Sigal P. Mandelker, President Donald J. Trump’s pick to be Treasury Undersecretary for Terrorism and Financial Intelligence (TFI), is being lauded by former officials contacted by The Cipher Brief.
The Senate Banking Committee has not set a date for hearings, but if confirmed, Mandelker would head the office that oversees the Treasury’s use of intelligence, sanctions and other tools to combat such security threats as terrorism, WMD proliferation, narcotics, and money laundering. Among the office’s programs is the Terrorist Finance Tracking Program, which identifies, tracks and pursues terrorists and their networks. The position receives relatively little attention but is responsible for critical tools to combat terrorism and protect national security.

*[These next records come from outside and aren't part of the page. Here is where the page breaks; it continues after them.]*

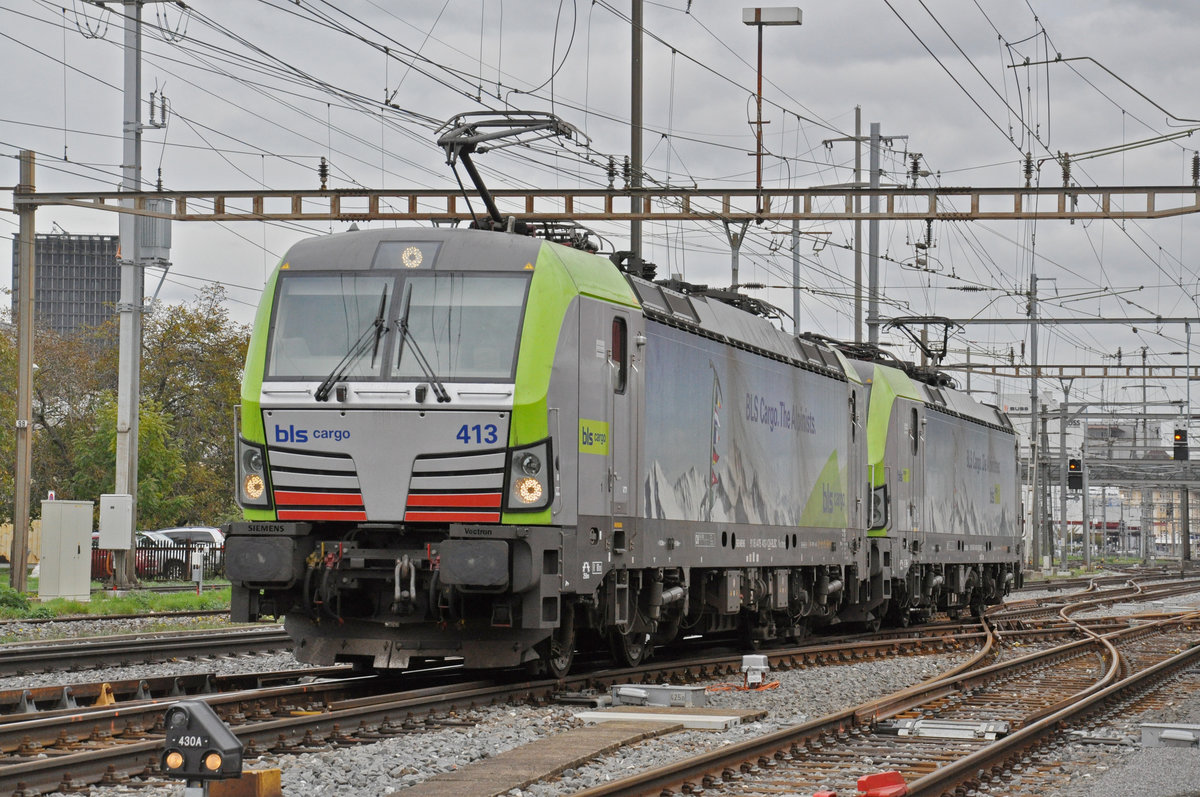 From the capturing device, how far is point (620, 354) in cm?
1431

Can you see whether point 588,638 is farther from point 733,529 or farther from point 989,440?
point 989,440

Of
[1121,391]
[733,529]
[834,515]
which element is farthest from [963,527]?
[1121,391]

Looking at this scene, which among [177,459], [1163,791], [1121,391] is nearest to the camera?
[1163,791]

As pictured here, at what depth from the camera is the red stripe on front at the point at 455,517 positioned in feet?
41.7

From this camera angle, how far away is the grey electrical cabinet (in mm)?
26578

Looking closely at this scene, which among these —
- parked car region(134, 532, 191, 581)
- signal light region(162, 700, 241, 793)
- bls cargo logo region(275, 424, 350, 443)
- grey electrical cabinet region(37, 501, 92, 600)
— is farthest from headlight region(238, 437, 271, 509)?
parked car region(134, 532, 191, 581)

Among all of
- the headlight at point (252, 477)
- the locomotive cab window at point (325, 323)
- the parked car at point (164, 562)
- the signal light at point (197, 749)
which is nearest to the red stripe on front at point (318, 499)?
the headlight at point (252, 477)

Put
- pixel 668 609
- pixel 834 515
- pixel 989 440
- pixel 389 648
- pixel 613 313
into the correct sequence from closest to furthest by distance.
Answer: pixel 389 648 < pixel 613 313 < pixel 668 609 < pixel 834 515 < pixel 989 440

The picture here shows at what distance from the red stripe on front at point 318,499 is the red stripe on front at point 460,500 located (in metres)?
0.48

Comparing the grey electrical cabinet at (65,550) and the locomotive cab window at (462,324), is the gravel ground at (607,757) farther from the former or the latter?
the grey electrical cabinet at (65,550)

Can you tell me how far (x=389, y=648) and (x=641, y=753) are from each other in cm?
317

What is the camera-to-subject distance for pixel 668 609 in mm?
16672

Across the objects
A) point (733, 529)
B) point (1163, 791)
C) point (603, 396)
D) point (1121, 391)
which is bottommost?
point (1163, 791)

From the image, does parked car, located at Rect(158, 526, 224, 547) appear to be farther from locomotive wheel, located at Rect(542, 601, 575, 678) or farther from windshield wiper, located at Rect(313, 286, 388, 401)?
windshield wiper, located at Rect(313, 286, 388, 401) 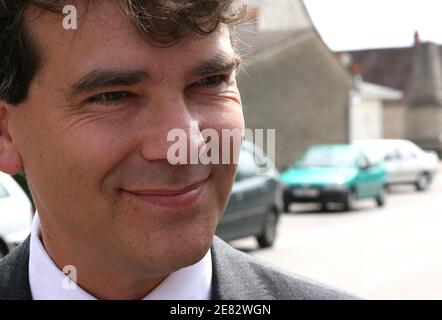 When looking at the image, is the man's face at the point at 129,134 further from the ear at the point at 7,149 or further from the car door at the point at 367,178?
the car door at the point at 367,178

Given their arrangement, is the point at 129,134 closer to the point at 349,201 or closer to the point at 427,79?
the point at 349,201

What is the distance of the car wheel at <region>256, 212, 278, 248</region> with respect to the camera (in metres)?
10.4

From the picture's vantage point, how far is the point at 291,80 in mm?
28484

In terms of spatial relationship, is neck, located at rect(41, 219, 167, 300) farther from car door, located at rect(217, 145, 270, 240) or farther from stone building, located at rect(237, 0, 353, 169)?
stone building, located at rect(237, 0, 353, 169)

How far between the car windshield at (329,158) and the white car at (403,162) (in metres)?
3.95

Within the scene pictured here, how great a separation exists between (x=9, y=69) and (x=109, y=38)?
26 centimetres

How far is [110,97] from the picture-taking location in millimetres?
1314

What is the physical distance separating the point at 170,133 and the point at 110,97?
0.45 feet

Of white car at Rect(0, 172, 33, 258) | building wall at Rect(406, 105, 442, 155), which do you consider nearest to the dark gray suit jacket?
white car at Rect(0, 172, 33, 258)

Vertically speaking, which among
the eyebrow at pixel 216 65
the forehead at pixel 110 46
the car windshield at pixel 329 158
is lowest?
the car windshield at pixel 329 158

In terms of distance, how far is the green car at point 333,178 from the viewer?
628 inches

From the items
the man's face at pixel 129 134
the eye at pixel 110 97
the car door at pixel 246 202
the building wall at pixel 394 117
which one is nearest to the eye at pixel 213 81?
the man's face at pixel 129 134

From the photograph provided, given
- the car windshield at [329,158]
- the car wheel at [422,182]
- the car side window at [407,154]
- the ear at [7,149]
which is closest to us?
the ear at [7,149]

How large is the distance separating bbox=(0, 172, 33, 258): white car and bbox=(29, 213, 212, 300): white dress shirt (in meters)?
5.28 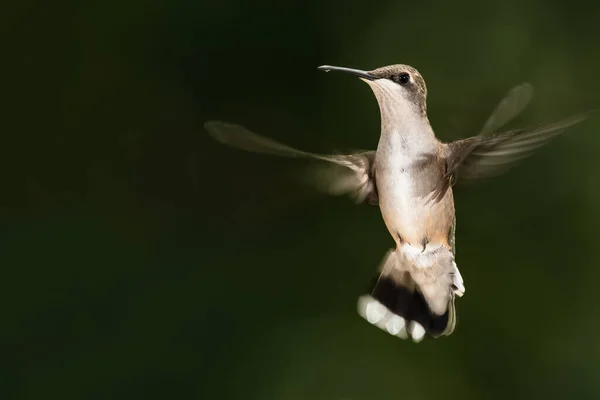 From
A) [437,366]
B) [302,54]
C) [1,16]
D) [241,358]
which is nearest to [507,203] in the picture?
[437,366]

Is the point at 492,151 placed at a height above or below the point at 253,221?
above

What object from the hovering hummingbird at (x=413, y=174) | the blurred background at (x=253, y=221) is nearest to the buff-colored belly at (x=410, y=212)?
the hovering hummingbird at (x=413, y=174)

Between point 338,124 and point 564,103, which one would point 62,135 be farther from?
point 564,103

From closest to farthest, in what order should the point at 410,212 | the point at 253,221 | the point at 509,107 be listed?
the point at 509,107
the point at 410,212
the point at 253,221

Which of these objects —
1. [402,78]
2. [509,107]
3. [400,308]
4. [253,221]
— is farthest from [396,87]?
[253,221]

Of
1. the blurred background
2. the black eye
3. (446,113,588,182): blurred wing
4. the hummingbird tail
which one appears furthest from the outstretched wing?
the blurred background

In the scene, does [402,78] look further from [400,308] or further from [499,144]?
[400,308]

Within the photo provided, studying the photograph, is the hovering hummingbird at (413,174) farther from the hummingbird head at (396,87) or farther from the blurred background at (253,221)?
the blurred background at (253,221)

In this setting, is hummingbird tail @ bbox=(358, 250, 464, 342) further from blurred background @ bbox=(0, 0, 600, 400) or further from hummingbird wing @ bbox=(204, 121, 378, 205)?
blurred background @ bbox=(0, 0, 600, 400) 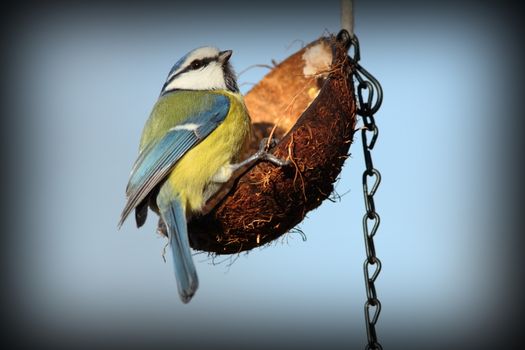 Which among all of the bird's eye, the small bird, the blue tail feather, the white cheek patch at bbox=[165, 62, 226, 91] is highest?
the bird's eye

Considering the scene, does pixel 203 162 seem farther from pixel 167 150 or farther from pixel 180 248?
pixel 180 248

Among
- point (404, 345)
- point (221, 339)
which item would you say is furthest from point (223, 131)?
point (221, 339)

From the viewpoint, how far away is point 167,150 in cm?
300

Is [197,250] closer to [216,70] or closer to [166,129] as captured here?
[166,129]

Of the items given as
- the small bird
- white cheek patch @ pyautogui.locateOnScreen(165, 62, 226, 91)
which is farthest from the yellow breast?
white cheek patch @ pyautogui.locateOnScreen(165, 62, 226, 91)

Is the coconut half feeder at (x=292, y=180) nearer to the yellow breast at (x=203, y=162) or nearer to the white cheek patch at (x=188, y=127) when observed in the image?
the yellow breast at (x=203, y=162)

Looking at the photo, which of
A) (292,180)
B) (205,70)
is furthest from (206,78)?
(292,180)

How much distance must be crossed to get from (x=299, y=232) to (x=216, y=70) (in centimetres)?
84

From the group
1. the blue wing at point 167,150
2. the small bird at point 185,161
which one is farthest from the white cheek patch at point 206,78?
the blue wing at point 167,150

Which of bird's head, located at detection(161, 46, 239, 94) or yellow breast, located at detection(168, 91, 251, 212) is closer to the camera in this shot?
yellow breast, located at detection(168, 91, 251, 212)

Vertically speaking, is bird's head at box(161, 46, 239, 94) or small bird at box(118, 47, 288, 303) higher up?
bird's head at box(161, 46, 239, 94)

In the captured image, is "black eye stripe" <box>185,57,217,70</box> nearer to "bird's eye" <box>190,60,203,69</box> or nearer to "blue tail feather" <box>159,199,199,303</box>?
"bird's eye" <box>190,60,203,69</box>

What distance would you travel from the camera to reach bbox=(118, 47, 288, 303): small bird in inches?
112

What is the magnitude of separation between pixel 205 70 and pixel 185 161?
59 centimetres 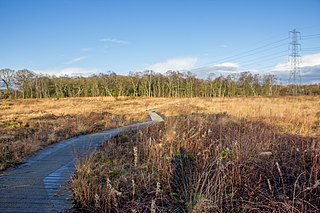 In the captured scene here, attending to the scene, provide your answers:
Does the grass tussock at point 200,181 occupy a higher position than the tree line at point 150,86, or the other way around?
the tree line at point 150,86

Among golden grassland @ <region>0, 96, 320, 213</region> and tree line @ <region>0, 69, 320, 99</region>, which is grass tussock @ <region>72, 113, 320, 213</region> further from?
tree line @ <region>0, 69, 320, 99</region>

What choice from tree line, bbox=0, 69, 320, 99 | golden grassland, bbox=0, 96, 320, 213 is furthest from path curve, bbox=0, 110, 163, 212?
tree line, bbox=0, 69, 320, 99

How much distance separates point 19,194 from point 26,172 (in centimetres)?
126

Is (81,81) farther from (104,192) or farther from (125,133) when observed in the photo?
(104,192)

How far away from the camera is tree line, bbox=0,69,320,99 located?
6012 cm

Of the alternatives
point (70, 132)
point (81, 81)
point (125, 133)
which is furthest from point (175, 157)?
point (81, 81)

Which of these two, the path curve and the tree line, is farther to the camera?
the tree line

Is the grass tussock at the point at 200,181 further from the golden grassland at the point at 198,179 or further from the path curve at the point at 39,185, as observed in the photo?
the path curve at the point at 39,185

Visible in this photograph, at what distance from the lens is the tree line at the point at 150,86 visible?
6012 cm

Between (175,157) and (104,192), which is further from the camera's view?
(175,157)

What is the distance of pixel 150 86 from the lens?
211ft

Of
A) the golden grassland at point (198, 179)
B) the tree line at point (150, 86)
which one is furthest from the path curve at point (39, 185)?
the tree line at point (150, 86)

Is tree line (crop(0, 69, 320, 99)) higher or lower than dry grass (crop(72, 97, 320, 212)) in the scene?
higher

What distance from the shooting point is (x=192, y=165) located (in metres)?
4.67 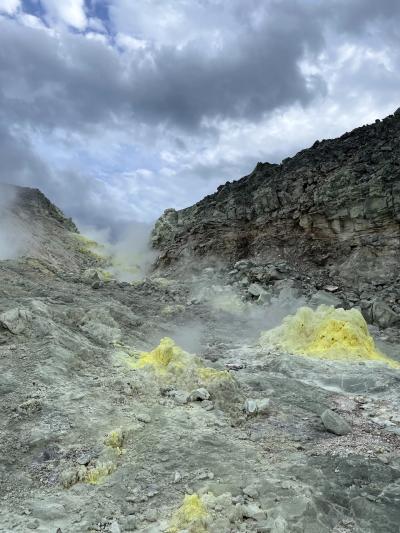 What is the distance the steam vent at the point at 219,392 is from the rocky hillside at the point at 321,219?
0.14 meters

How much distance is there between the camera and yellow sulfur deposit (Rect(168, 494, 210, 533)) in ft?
20.3

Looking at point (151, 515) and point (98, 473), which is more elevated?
point (98, 473)

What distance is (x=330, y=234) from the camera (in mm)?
27516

Mandelker, a partner with the law firm of Proskauer Rose LLP, has held senior federal law enforcement positions, including Deputy Assistant Attorney General in the Justice Department Criminal Division from 2006 to 2009 and Counselor to Homeland Security Secretary Michael Chertoff in 2005 and 2006. Also at Justice, she served as Counsel to the Deputy Attorney General and as Special Assistant to Chertoff when he was Assistant Attorney General for the Criminal Division, where her focus was on counterterrorism and national security after the Sept. 11, 2001, attacks.
Chertoff, speaking by phone, called Mandelker a “terrific” appointment, saying she is a “very accomplished attorney” with a “broad range of experience” in counterterrorism and law enforcement. Chertoff said she has “about as wide an array of relevant experiences as you could want.”
Others pointed to her broad experience in national security and counterterrorism, including cyber-related issues, and her background in cases where Treasury will need to work with Justice.
Stuart Levey, who served in the Treasury position from 2004 to 2011, under Presidents George W. Bush and Barack Obama, said “I worked closely with Sigal at the Department of Justice and know firsthand that she brings a wealth of experience to this role.”
Adam Szubin, who has held a number of Justice and Treasury posts during the Obama and George W. Bush administrations, including acting undersecretary for terrorism and financial intelligence agreed, saying
“I think very highly of her.” He described her as “exceptionally smart” and having “very deep experience in government and especially on the national security side.”
He noted that Mandelker worked on counterterrorism issues both at Justice and Homeland Security with “pretty significant oversight responsibilities” in terms of the importance and sensitivity of her projects and in terms of the number of people she was overseeing.
“In that sense, it’s a fantastic background to be coming in with,” he said.
If she’s confirmed, he said, he expects she will be “a very successful undersecretary.”
Juan Zarate, who was Assistant Treasury Secretary for Terrorist Financing and Financial Crimes, as well as Deputy Assistant to the President and Deputy National Security Adviser for Combating Terrorism during the George W. Bush administration, said she was “well-prepared to take on the leadership role at TFI.”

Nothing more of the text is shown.